Heaton is the co-author of a study in the January issue of Pharmacoepidemiology and Drug Safety that focused on Ohio Medicaid claims for Rezulin prescriptions.
Before the first “Dear Doctor” letter was sent, about 9% of patients who received Rezulin prescriptions had their liver enzymes checked first. After the first two letters went out, that proportion peaked at 26%. But after the fourth letter went out, the percentage of patients who had their liver enzymes tested before starting treatment actually dropped, to 18%.
“I don’t think black-box warnings are going to be any more effective than ‘Dear Doctor’ letters,” says the study’s lead author, Robert Cluxton Jr., an associate professor of pharmacy practice and family medicine at the Cincinnati pharmacy college.
Cluxton says the FDA needs to be more proactive to counter drug company marketing. “Even if the FDA would just go to the major (medical) meetings – like go to the major arthritis meetings – and do a special session,” he says. “Physicians want to understand what is going on. They just don’t want a very brief message: ‘You should do this because we think so.’ ”
Physicians are only one part of the problem, Heaton and Cluxton say. “From my perspective, we need to get people other than the doctors involved in this,” Cluxton says. “It’s got to be the pharmacist, and it’s got to be the patient.”
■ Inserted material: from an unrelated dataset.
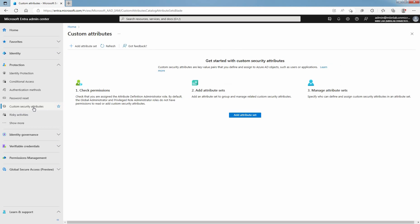An Attribute Set is a collection of related attributes. All Custom Security Attributes must be part of an Attribute Set. Attribute Sets cannot be renamed or deleted. If you do not have required permissions, then you won't have the option to Add Attribute Set.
Not only do physicians need to be ordering the necessary tests to monitor drug safety, Heaton says, but “we need pharmacists to be asking patients if they’ve had these tests done. And we need patients to realize if the physician ordered the test, they need to get the test done.”
A need for discussion
Simply handing patients a MedGuide might not be enough, says Lee Rucker of AARP’s Public Policy Institute. “I think sometimes what’s missing is that it’s all just on the paper,” Rucker says. “There seems to be a need for that face-to-face discussion before the patient is sent out the door.”
Negative publicity, as opposed to the new black-box warning, may make patients and doctors more cautious about NSAIDs, says Arthur Levin, the only member of the FDA advisory panel to vote in favor of taking Celebrex off the market.
“I don’t think this will be a true test, frankly, of the benefits or lack thereof of increasing warning labels,” says Levin, director of the New York-based Center for Medical Consumers. “It’s hard for people to understand that something can be approved, can be advertised, can be prescribed for you by a doctor and still not be safe.”